Tra i primi a esserne convinti troviamo il presidente Giuseppe Conte. A Porta a Porta ha dichiarato: “La previsione è arrivare a 10 o 15 milioni di cittadini sottoposti a vaccinazione per avere un impatto significativo. Dovremmo arrivarci ad aprile”.

Covid, quando finirà la pandemia

Secondo il virologo Fabrizio Pregliasco è presto per cantare vittoria. I dispositivi di protezione per lui andranno indossati “fino a quando non avremo il 70% di vaccinati”.

E dunque non prima del prossimo autunno. Sulla questione è poi intervenuto anche Matteo Bassetti, direttore della Clinica di Malattie infettive dell’ospedale San Martino di Genova, “il 2021 sarà molto meglio del 2020. Sarà l’anno del vaccino e della vaccinazione di massa, se saremo bravi tutti noi a convincere chi è scettico. Se lo faremo arriveremo tra l’estate e l’autunno ad avere 40 mln di persone immunizzate”.

“Sarà un anno di rinascita e speranza dal punto di vista umano, ma anche di ripartenza per l’economia – continua Bassetti -.
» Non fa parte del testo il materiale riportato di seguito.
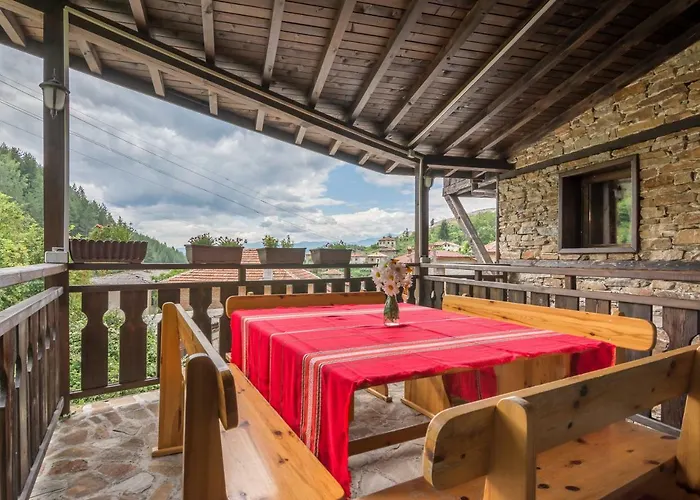 къща стара македония Pensiune Gostun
Avremo dei casi, si parlerà di ondate almeno per gennaio-febbraio. Ma sarà anche l’anno della consapevolezza: ci saranno tanti vaccini e questo deve farci sperare per il meglio”.

Ottimista anche Pier Luigi Lopalco, epidemiologo e assessore regionale alla Sanità della Puglia. “Il 2021 – dice -, già in estate, potremo considerarlo l’anno della svolta. I vaccini ci aiuteranno a lasciare alle nostre spalle questo incubo“. E ancora: “Gli elementi per confidare nel fatto che la vaccinazione possa mettere la parola fine alla pandemia ci sono tutti. Davvero l’invito a tutti è al massimo della prudenza. Il fatto che persone che non si sono frequentate nelle scorse settimane o mesi si riuniscano al chiuso magari mangiando insieme è una opportunità di diffusione del contagio enorme. Serve un po’ di (ulteriore) pazienza e prudenza”.

Nato il 18 luglio del 1990, vive a Cassina de' Pecchi. Si è laureato in Storia per seguire la propria voglia di conoscere il passato, ho iniziato l'attività giornalistica per analizzare il presente e le sue innumerevoli contraddizioni. Collabora con Metropolis Notizie e Notizie.it.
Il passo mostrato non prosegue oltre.